§ What this task involves
The reply must repeat the listing below exactly and carry none of its pictures.

********

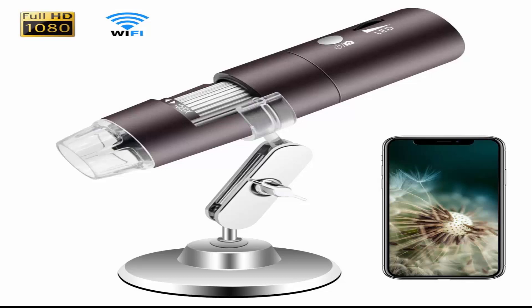Easy to use — simply download the app and connect it to Wi-Fi following the instructions, then start to view a microscopic world right on your phone, tablet or laptop. Compatible with Android 4.3, iOS 8.0, Windows Vista, 7, 8, 10, and Mac OS X 10.8 or later.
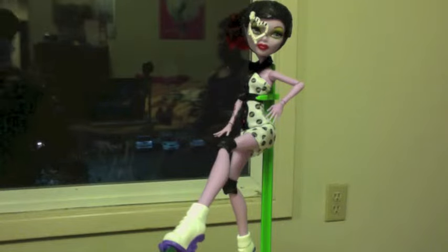Her helmet is black with musical notes and it can be detachable. It has a hole where you can put the hair through. Her ears are not pierced. The cool thing about the helmet is that it is attached to a piano keyboard, kind of like an opera mask.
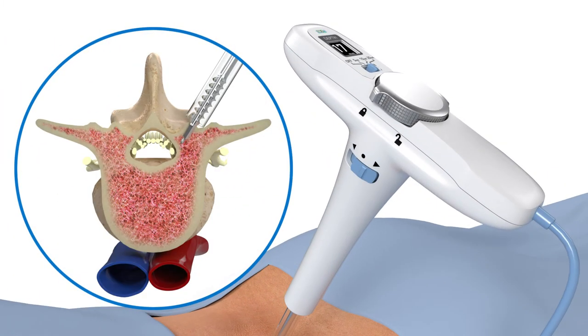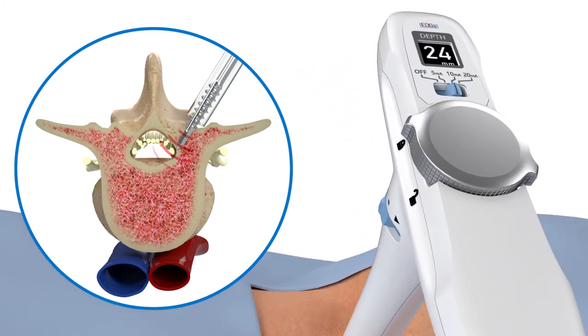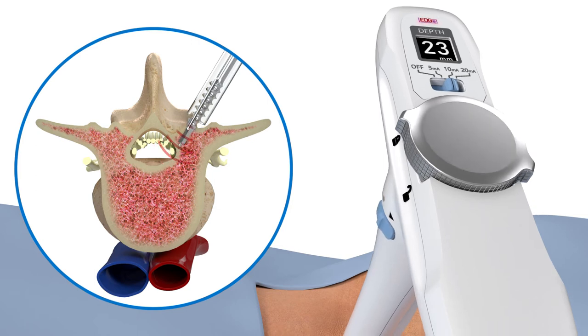As the surgeon advances the device with the ratcheting handle, if the trajectory begins to veer toward a nerve, the all-in-one tap will indicate this via a flashing red signal and audible notification. The surgeon can also adjust the amount of milliamps to further provide feedback of nerve proximity.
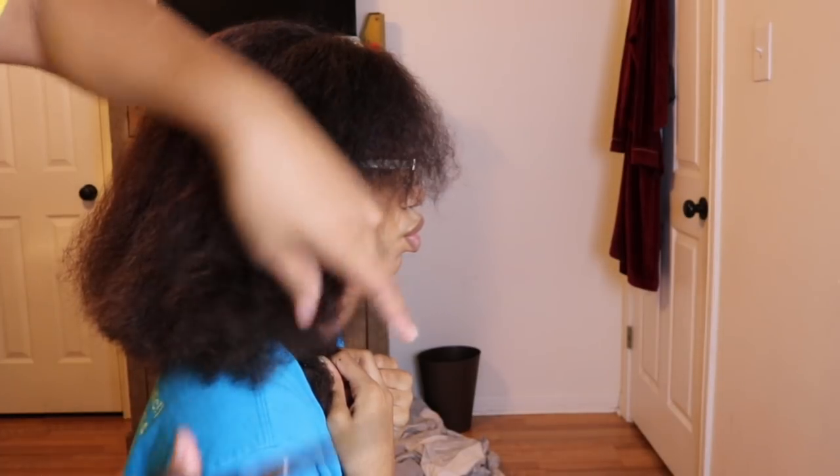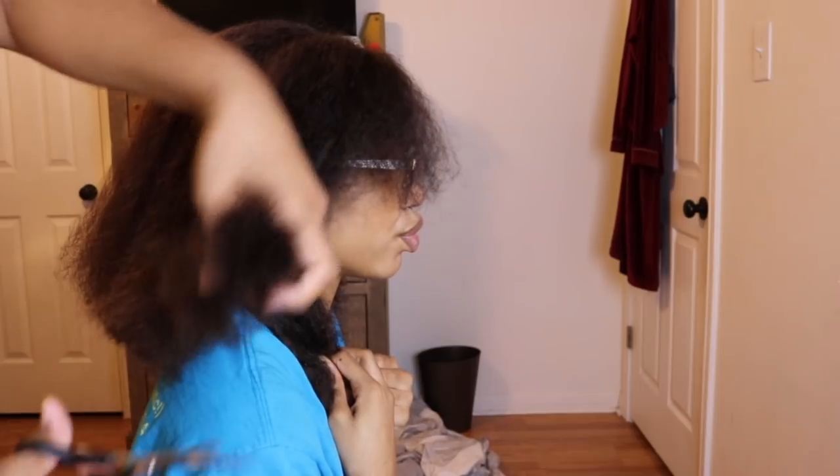Okay, so I'm done cutting and trimming it. This side's still a little longer, but it's okay — I'm just gonna let it grow out a little more, because I was really just trying to get the single strand knots off. I don't even know if it's even, but with curly hair it doesn't really matter if you trim it even when it's elongated or stretched out, because it's gonna curl back up and every curl is different.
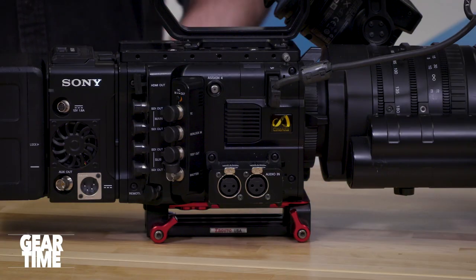At this price point, back in the day this was around 15 to 20 thousand dollars. The F55 was about 10,000 more than this. The F55 added 4K support — which later became available as an upgrade on the F5 — and it also added a global shutter. What the global shutter does is eliminate wobbly lines when you're panning really fast, i.e., rolling shutter. So in 2020 I think the global shutter is really the main advantage the F55 has over the F5.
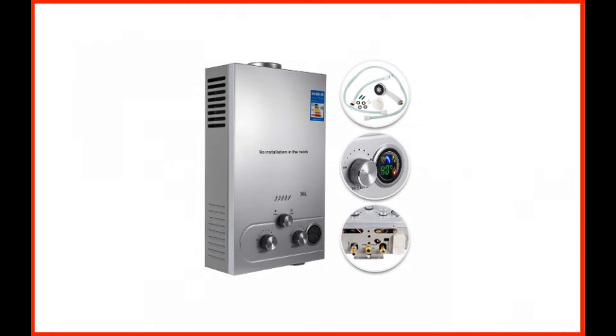Its ergonomic design is not only compact, but aesthetically pleasant as well. With a weight of around 21 pounds, this propane water heater is an ideal option for users who prefer to mount their units on a wall.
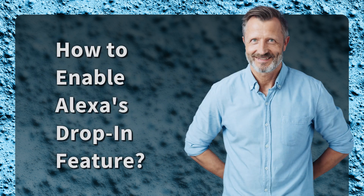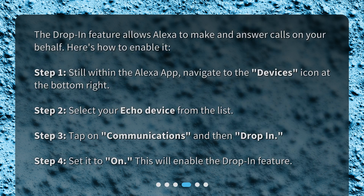How to enable Alexa's drop-in feature. The drop-in feature allows Alexa to make and answer calls on your behalf. Here's how to enable it. Step 1: Still within the Alexa app, navigate to the 'Devices' icon at the bottom right. Step 2: Select your Echo device from the list. Step 3: Tap on 'Communications' and then 'Drop In'. Step 4: Set it to 'On'. This will enable the drop-in feature.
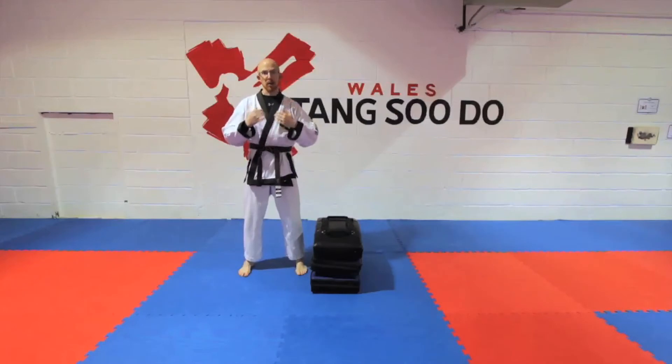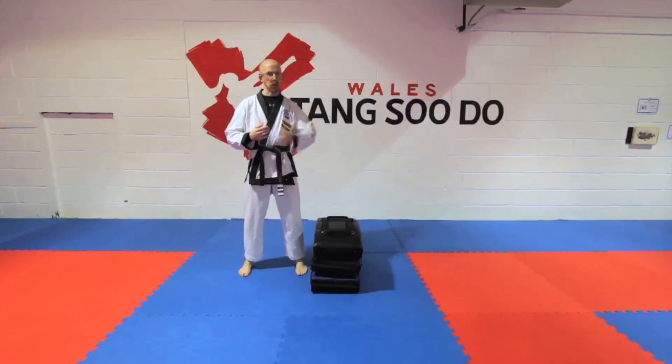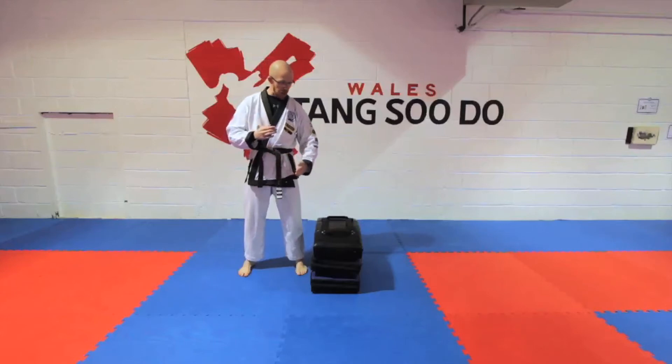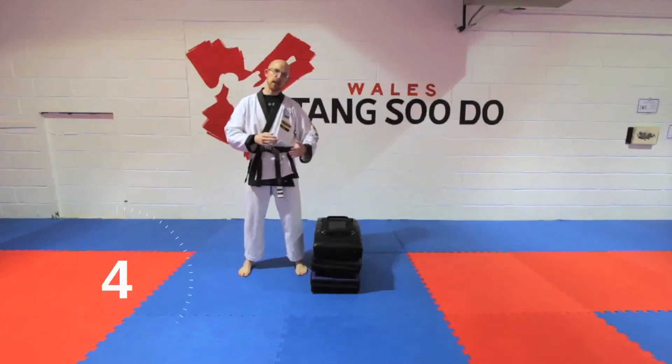I'm going to do push-ups — pyramid push-ups. So I jump over one push-up, jump over two push-ups. But you could do this with sit-ups or squats, or basically any exercise. The idea is you do one and then you do two. You need to jump one leg and then one leg, or two legs together.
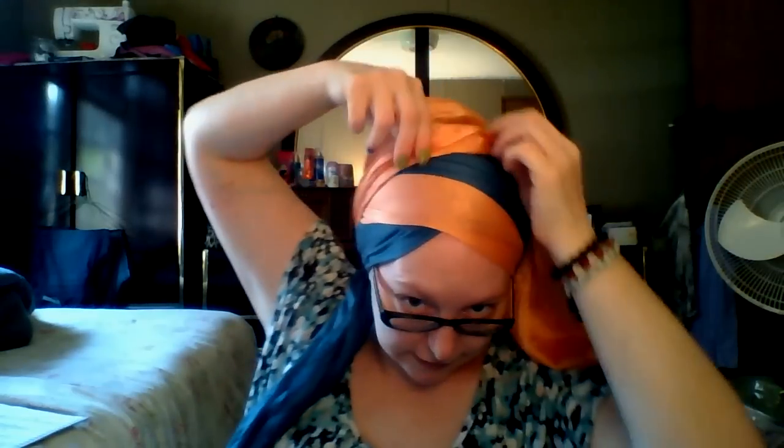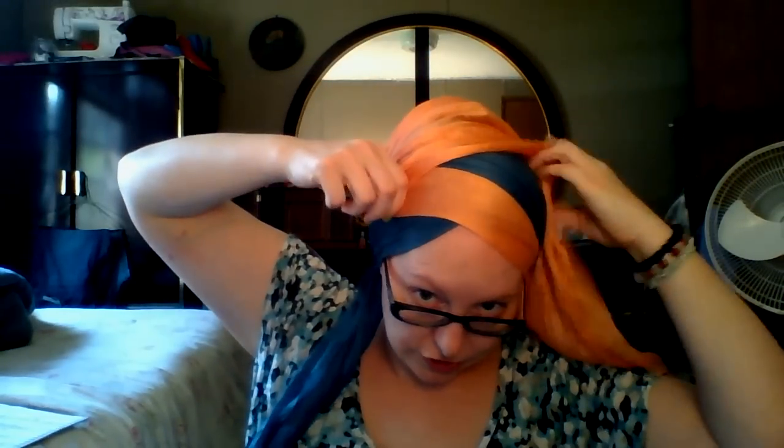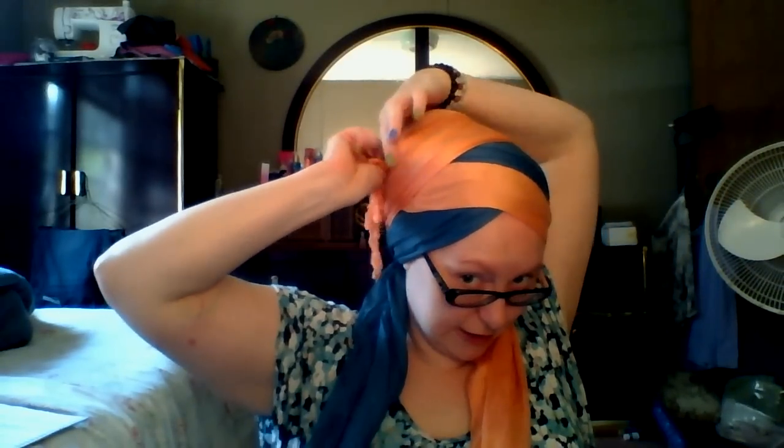What I did here is I just brought it around and tucked it underneath itself. It doesn't seem like it would hold very well that way, but it does — it holds well enough because the peach is going to go over top of it. Then I take the peach on the same opposite side, and you can adjust it however you need to get the point in the spot that you want it. Make sure you don't grab the short end, like I just did. Then I just tuck it in itself there. It's not too much of a worry because the dandelion joy is going to go over the top.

********

§ Answer to the exercise
Easy to use — simply download the app and connect it to Wi-Fi following the instructions, then start to view a microscopic world right on your phone, tablet or laptop. Compatible with Android 4.3, iOS 8.0, Windows Vista, 7, 8, 10, and Mac OS X 10.8 or later.
Her helmet is black with musical notes and it can be detachable. It has a hole where you can put the hair through. Her ears are not pierced. The cool thing about the helmet is that it is attached to a piano keyboard, kind of like an opera mask.
As the surgeon advances the device with the ratcheting handle, if the trajectory begins to veer toward a nerve, the all-in-one tap will indicate this via a flashing red signal and audible notification. The surgeon can also adjust the amount of milliamps to further provide feedback of nerve proximity.
Okay, so I'm done cutting and trimming it. This side's still a little longer, but it's okay — I'm just gonna let it grow out a little more, because I was really just trying to get the single strand knots off. I don't even know if it's even, but with curly hair it doesn't really matter if you trim it even when it's elongated or stretched out, because it's gonna curl back up and every curl is different.
At this price point, back in the day this was around 15 to 20 thousand dollars. The F55 was about 10,000 more than this. The F55 added 4K support — which later became available as an upgrade on the F5 — and it also added a global shutter. What the global shutter does is eliminate wobbly lines when you're panning really fast, i.e., rolling shutter. So in 2020 I think the global shutter is really the main advantage the F55 has over the F5.
Its ergonomic design is not only compact, but aesthetically pleasant as well. With a weight of around 21 pounds, this propane water heater is an ideal option for users who prefer to mount their units on a wall.
How to enable Alexa's drop-in feature. The drop-in feature allows Alexa to make and answer calls on your behalf. Here's how to enable it. Step 1: Still within the Alexa app, navigate to the 'Devices' icon at the bottom right. Step 2: Select your Echo device from the list. Step 3: Tap on 'Communications' and then 'Drop In'. Step 4: Set it to 'On'. This will enable the drop-in feature.
I'm going to do push-ups — pyramid push-ups. So I jump over one push-up, jump over two push-ups. But you could do this with sit-ups or squats, or basically any exercise. The idea is you do one and then you do two. You need to jump one leg and then one leg, or two legs together.
What I did here is I just brought it around and tucked it underneath itself. It doesn't seem like it would hold very well that way, but it does — it holds well enough because the peach is going to go over top of it. Then I take the peach on the same opposite side, and you can adjust it however you need to get the point in the spot that you want it. Make sure you don't grab the short end, like I just did. Then I just tuck it in itself there. It's not too much of a worry because the dandelion joy is going to go over the top.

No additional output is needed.